» **Problem details**
Go to the line containing "MOC - Kemeja" below; retype it and all following lines exactly, and leave out the pictures.

» **Information provided**

Start of Block

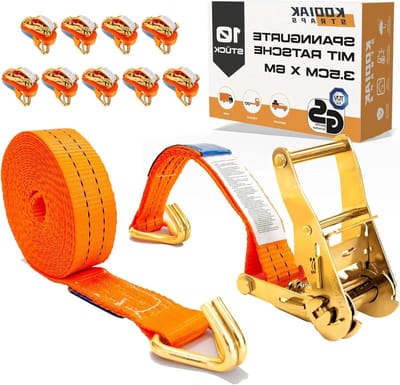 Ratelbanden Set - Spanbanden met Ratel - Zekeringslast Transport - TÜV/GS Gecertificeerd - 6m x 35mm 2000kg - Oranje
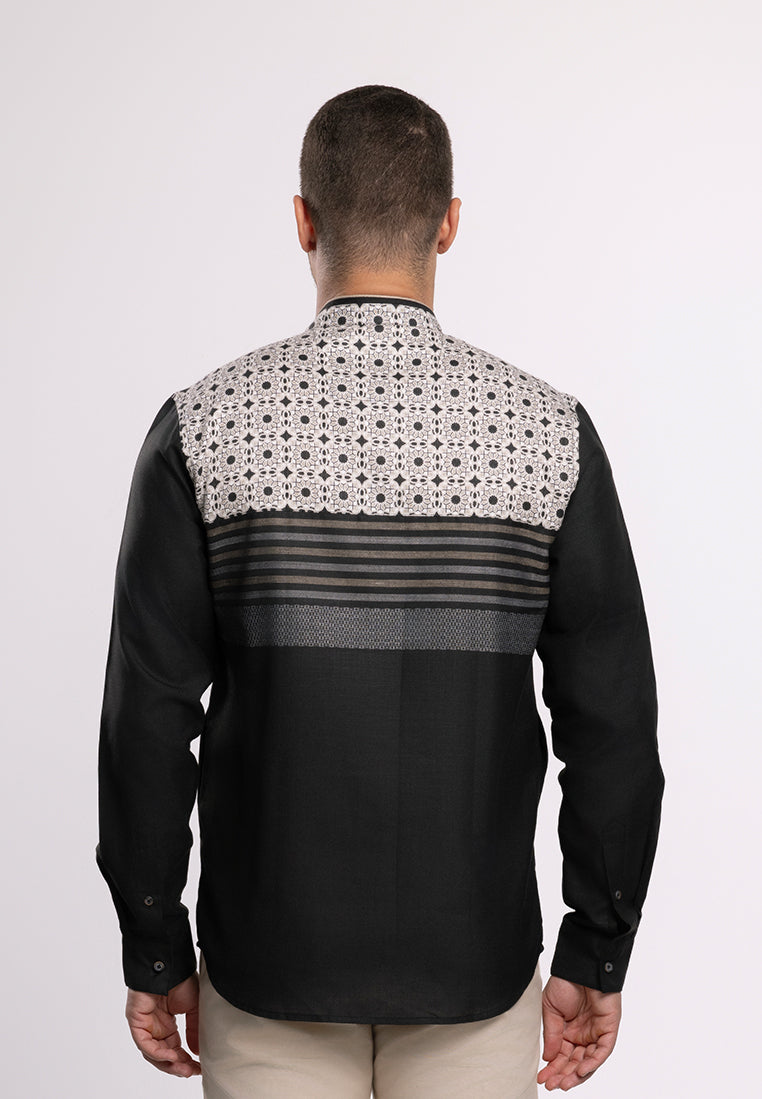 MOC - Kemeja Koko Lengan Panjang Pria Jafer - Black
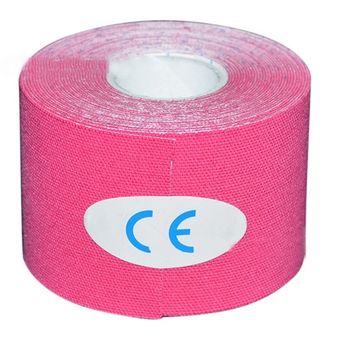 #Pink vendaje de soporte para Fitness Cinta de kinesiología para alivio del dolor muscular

End of Block

» **Task solution**
 MOC - Kemeja Koko Lengan Panjang Pria Jafer - Black
 #Pink vendaje de soporte para Fitness Cinta de kinesiología para alivio del dolor muscular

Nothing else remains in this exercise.